Jerardi’s favorite experiences in racing were from 2004 through 2006, when three horses with Philadelphia connections—Smarty Jones, Afleet Alex, and Barbaro—won five of seven Triple Crown races, with a second and a third.

In 2006, Jerardi won the Eclipse Award for his series on Barbaro. He has won the Red Smith Award for Kentucky Derby coverage five times and is a three-time winner of the Joe Hirsch Award for best Breeders’ Cup story. He was honored for the best Preakness story in 2004. In 2007, Jerardi was chosen by the National Turf Writers and Broadcasters as the winner of the Walter Haight Award for career excellence in turf writing.

Jerardi is co-host of Let’s Go Racing, a 30-minute weekly horse racing television show that has been on the air in the Philadelphia market for more than 30 years (1992 to present).
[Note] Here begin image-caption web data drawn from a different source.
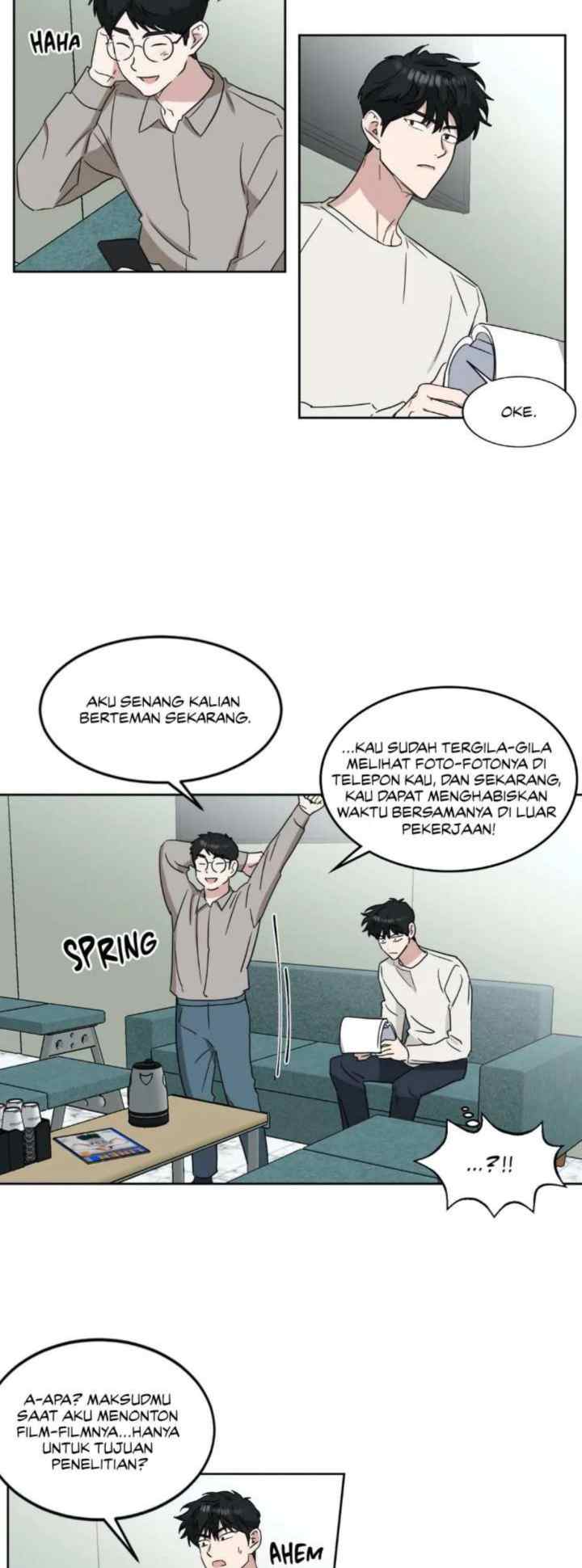 One Take chapter 20 halaman 12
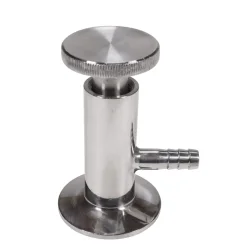 Tri clamp TC 1,5" Sample tap type 1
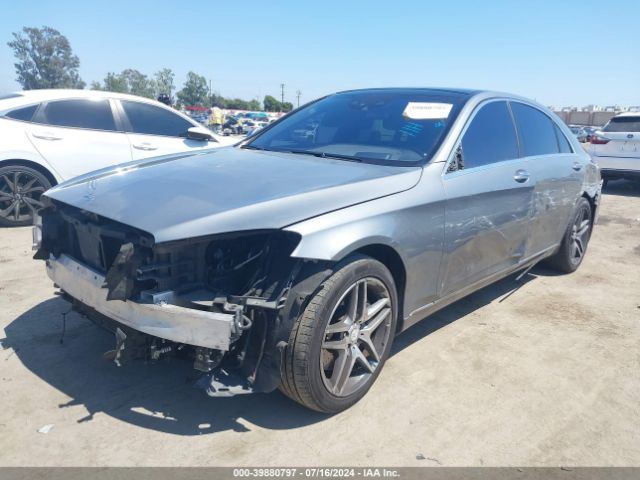 WDDUG8CB9FA183402 Mercedes-Benz S 550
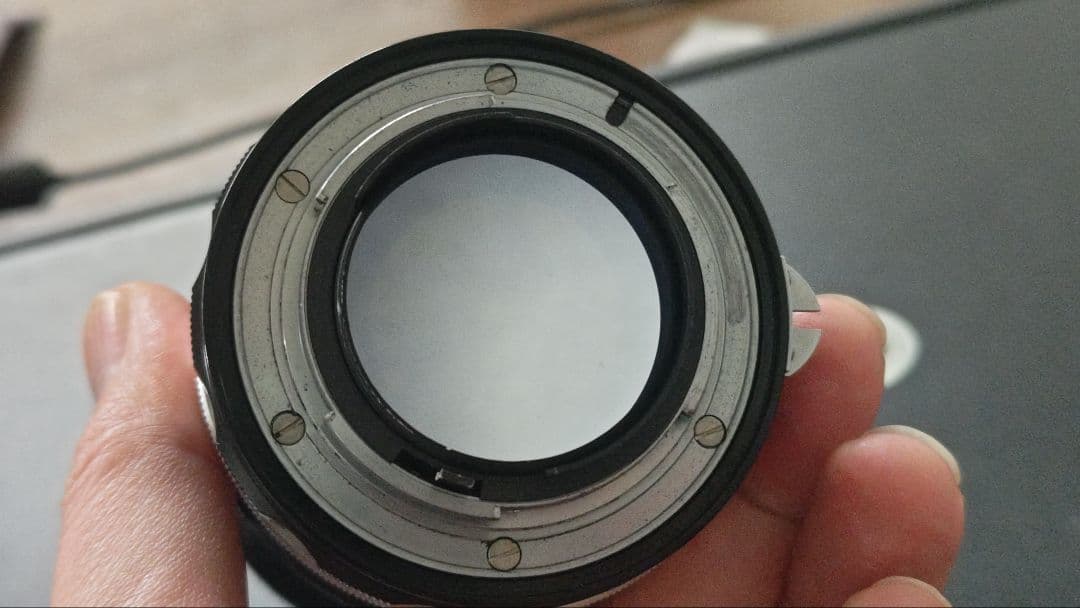 Nikon F2フォトミックブラック2023オーバーホール済　希少Pスクリーン付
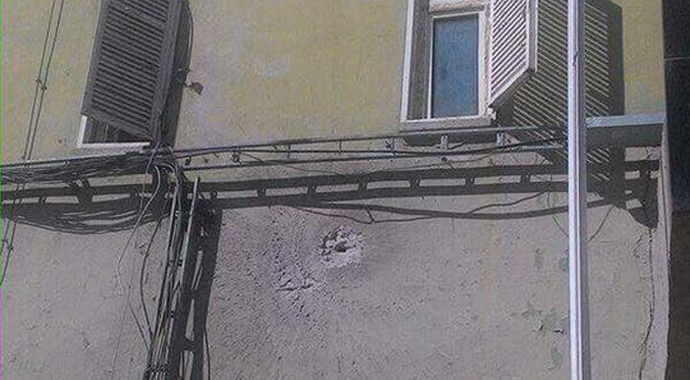 Şırnak’ta tabura roketatarlı saldırı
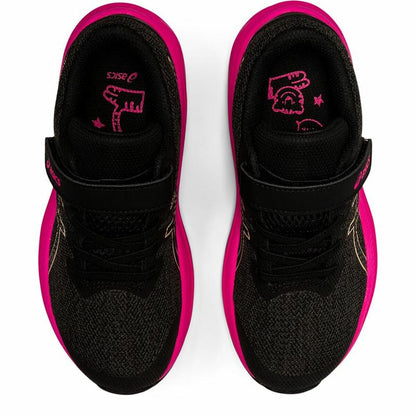 Sportschoenen voor Kinderen Asics GT-1000 11 PS Zwart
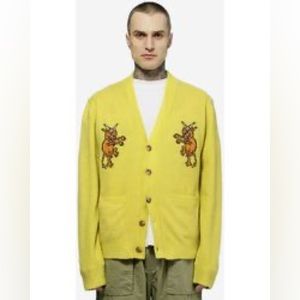 BRAINDEAD Devils cardigan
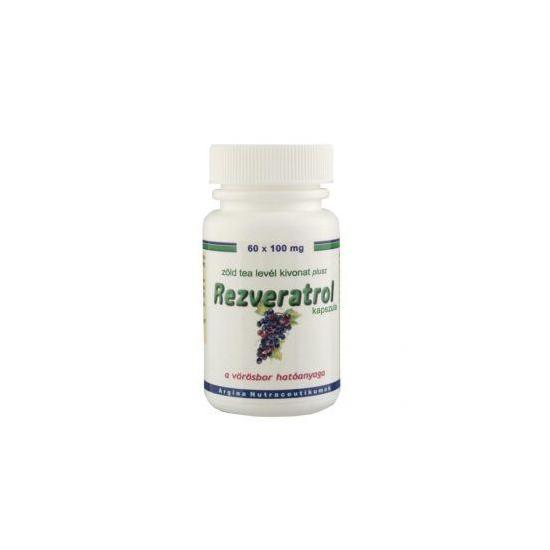 Rezveratrol zöldtea kivonat 60 db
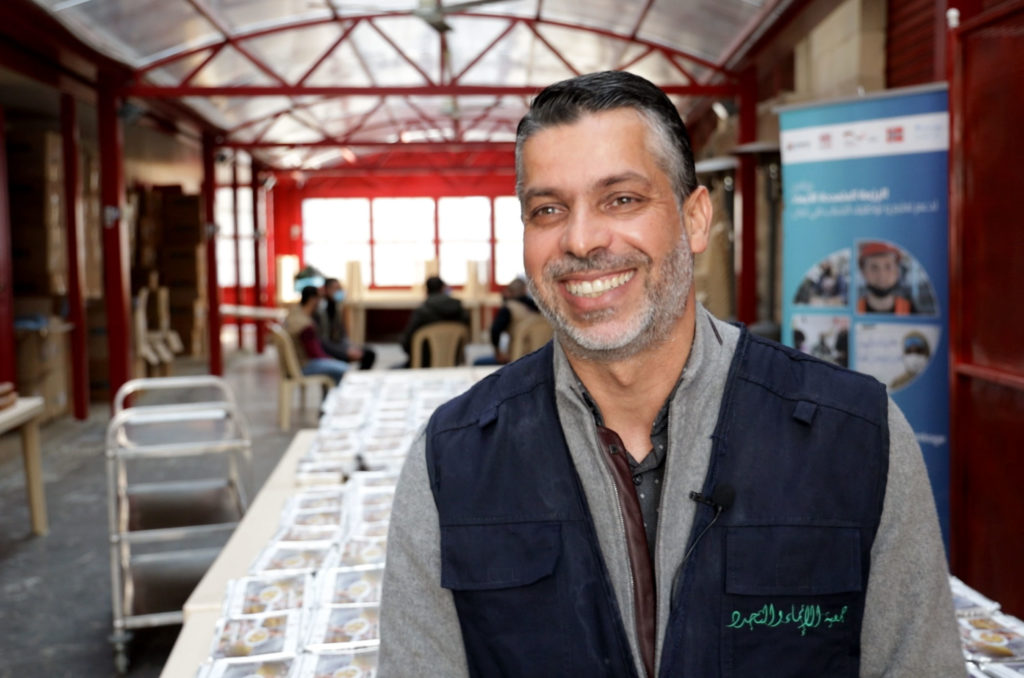 Lebanon, Bekaa, vocational-education, food-parcels, Haitham-Taaeme Haitham Taaeme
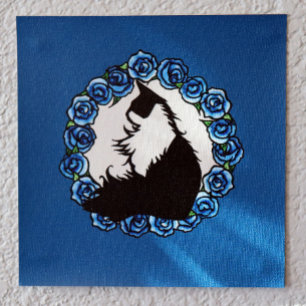 Affiche Tuxedo Chat Love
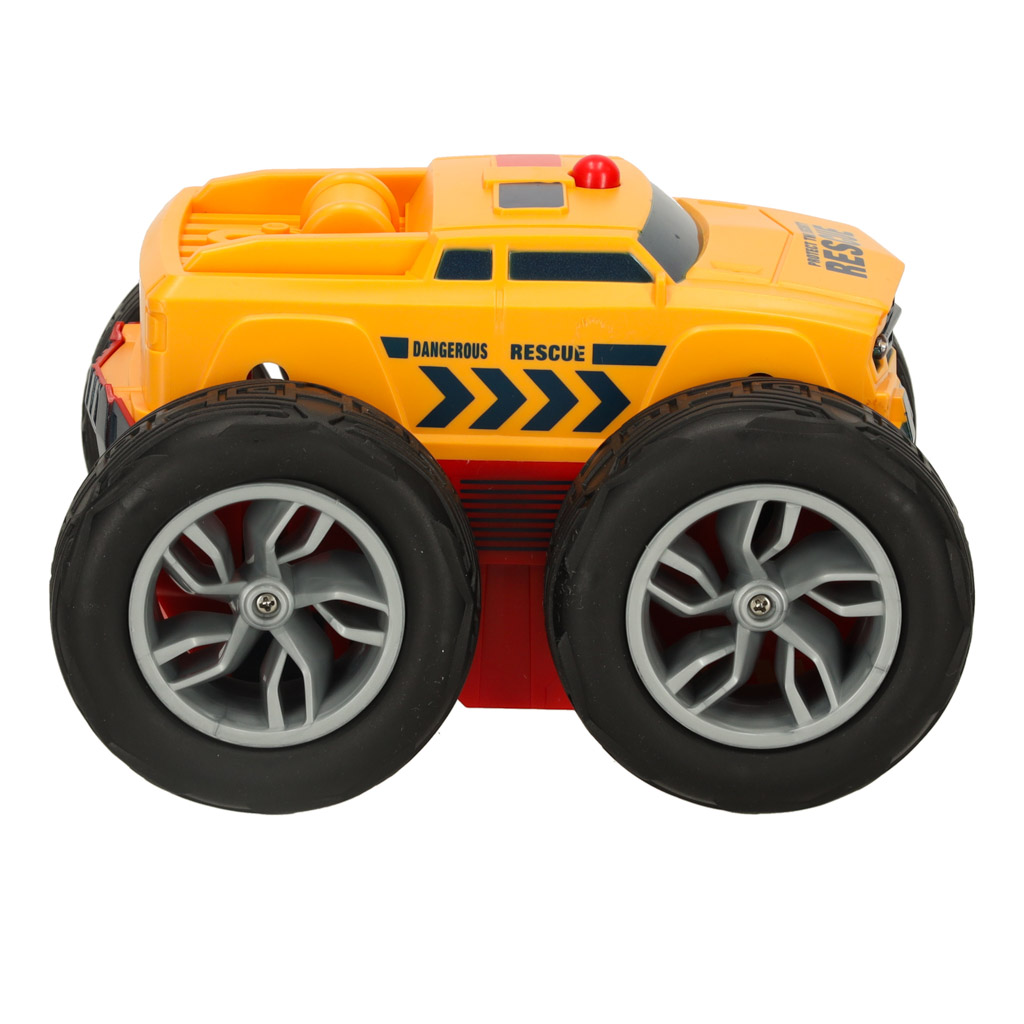 Samochód auto na pilota Revolt 2 Sided Rescue Racer mega transformacja obrót 360 4WD - obrazek 5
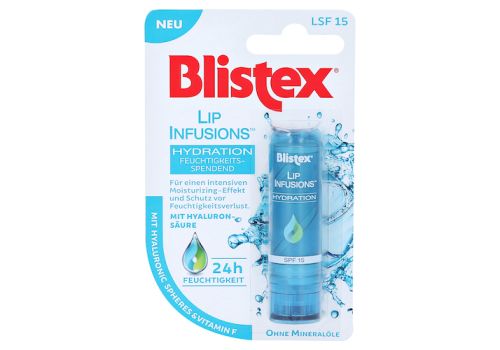 BLISTEX Lip Infusions Hydration Stift – PZN 16232770 (PZN 16232770)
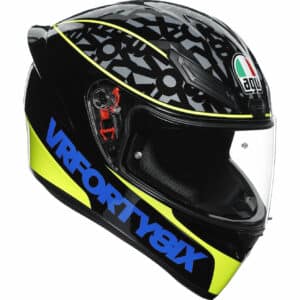 AGV K1 Speed 46 gelb ML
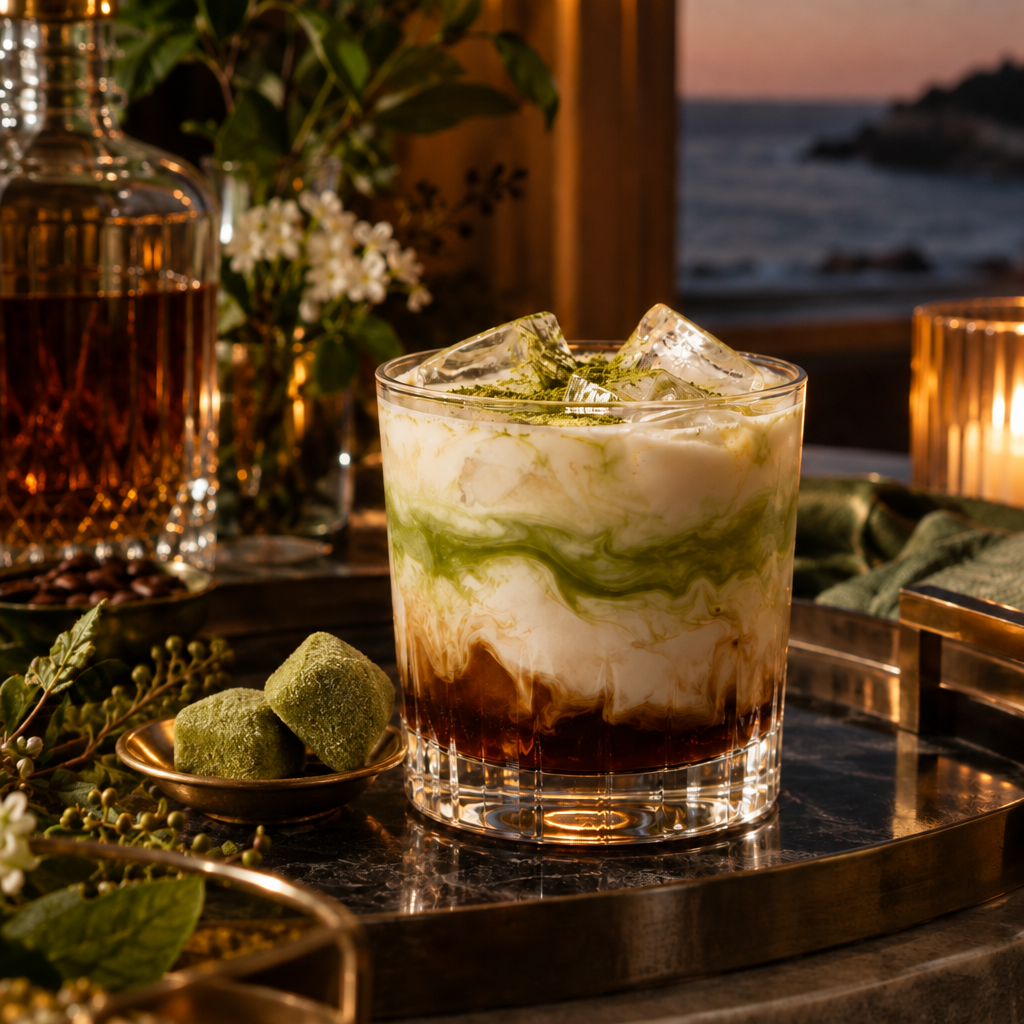 Jade Matcha Beverage Gems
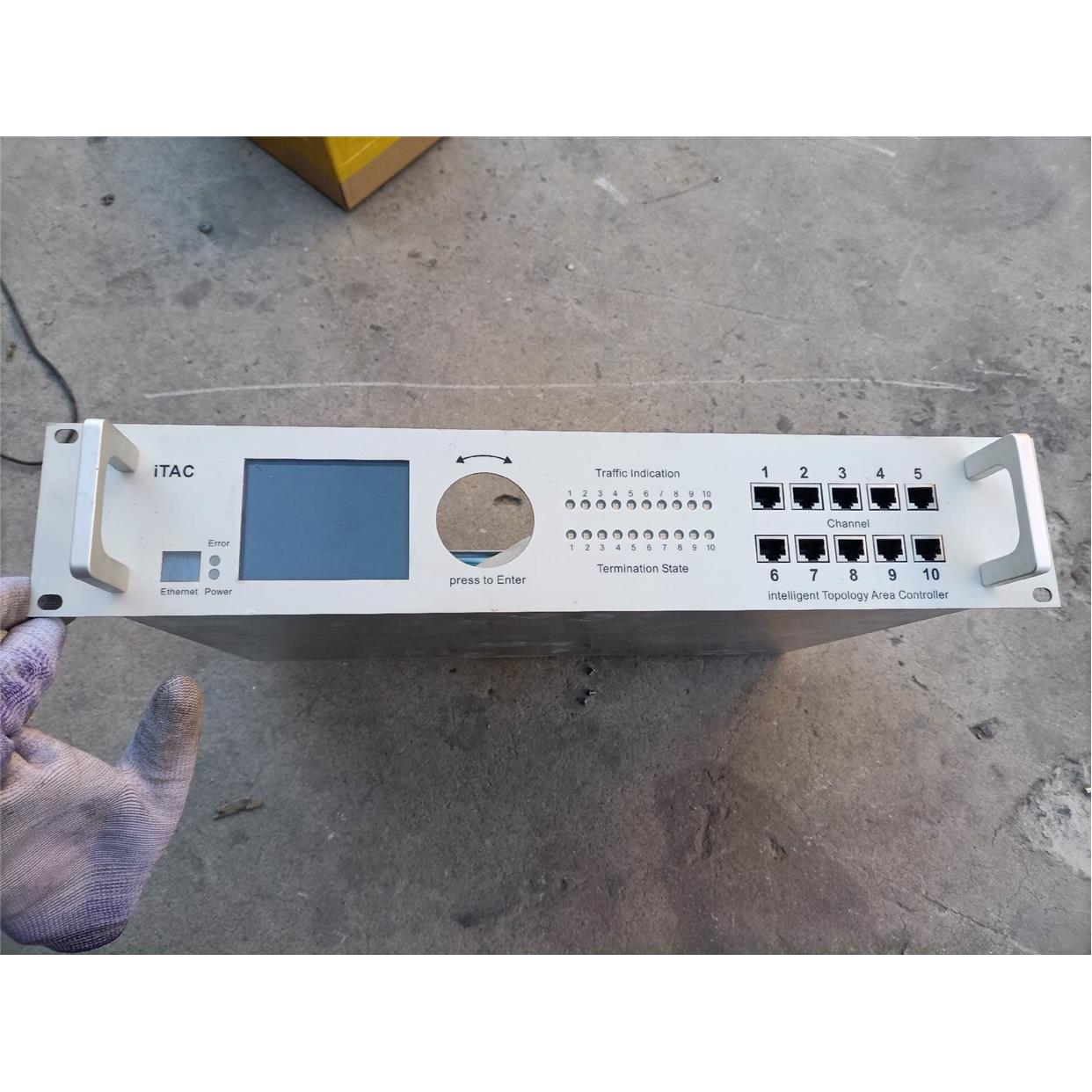 拍前询价:ITAC 网络控制盒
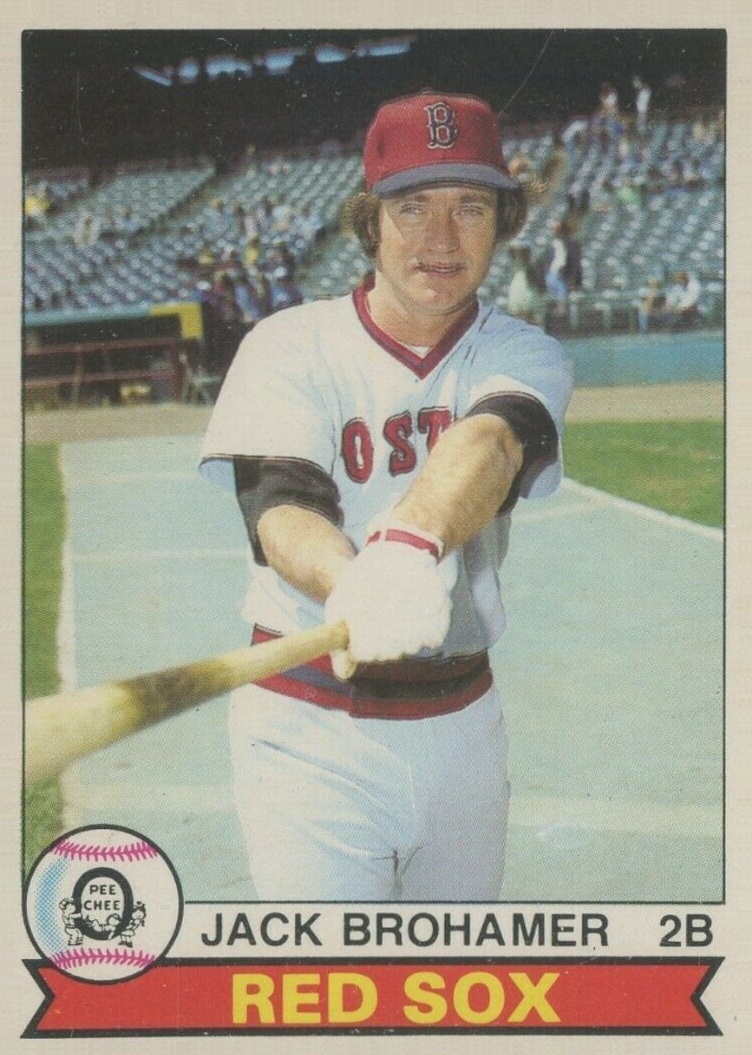 1979 O-Pee-Chee Jack Brohamer #25 Baseball Card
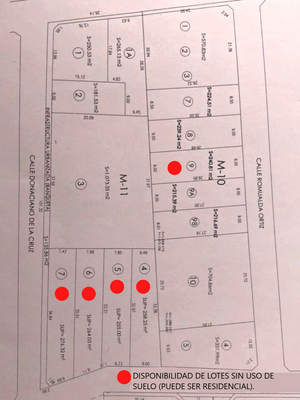 LOTES COMERCIALES EN LA LOMITA RESIDENCIAL SAN LUIS POTOSI DE 197.52 M2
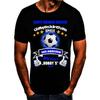 Soccer Club Gelsenkirchen Print Tshirt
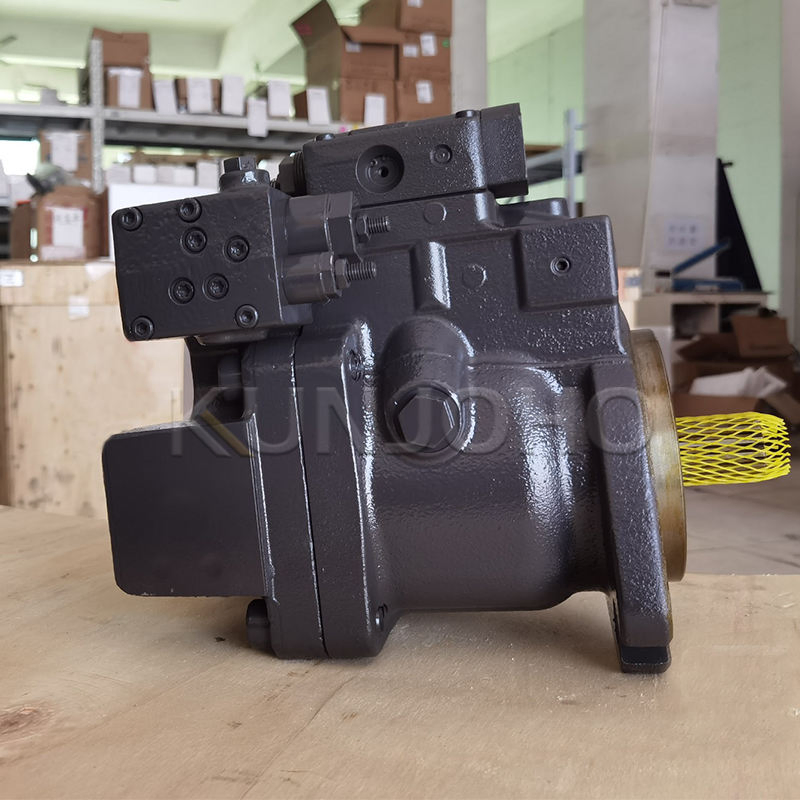 Гидравлический насос Kawasaki K3VL80 (ремонтный корпус)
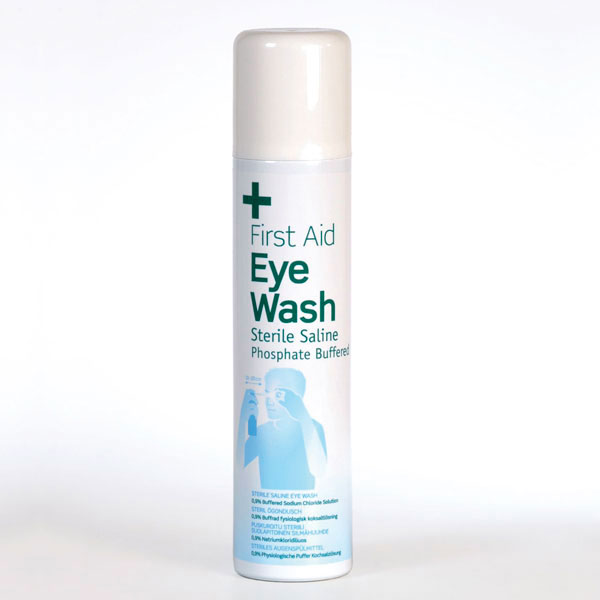 First Aid EyeWash, 250 ml, Spray, 24/fp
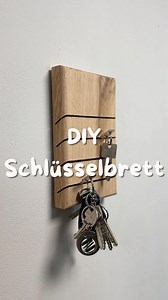 66K views · 175 reactions | Schnelles DIY Schlüsselbrett  Dieses...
He has also provided live analysis for a Pennsylvania Derby television show annually since 2011. Additionally, he has served as a co-host for the Maryland Million on HRTV (2009 through 2014) and makes appearances throughout the country on radio shows prior to Triple Crown races in the spring and Breeders’ Cup in the fall (2005 to present). Jerardi has been a panelist on ESPN for the network’s Kentucky Derby preview coverage (2005 to 2007), Preakness (2006) and Breeders’ Cup shows (2005 to 2006). He also wrote a weekly column for Daily Racing Form for 20 years and was a charter member of the Beyer Speed Figure team which was first assembled in the mid-1980s and continues to this day with the Beyers appearing in the Form for the past three decades.

Moran (1947  ̶  2013) was born in Buffalo, N.Y., and graduated from the University at Buffalo. He served in Vietnam and the Middle East as a sergeant in the Air Force before beginning a distinguished career in sports journalism, primarily known for his prowess as a racing writer.

Following his military service, Moran wrote about a variety of sports for the Tonawanda News near his hometown. He covered his first Triple Crown races in 1973 during Secretariat’s historic run and continued to cover the series without interruption for the next 35 years. Moran worked for the Fort Lauderdale Sun Sentinel from 1975 to 1985 then joined the staff at Newsday on Long Island, N.Y., where he worked until 2008.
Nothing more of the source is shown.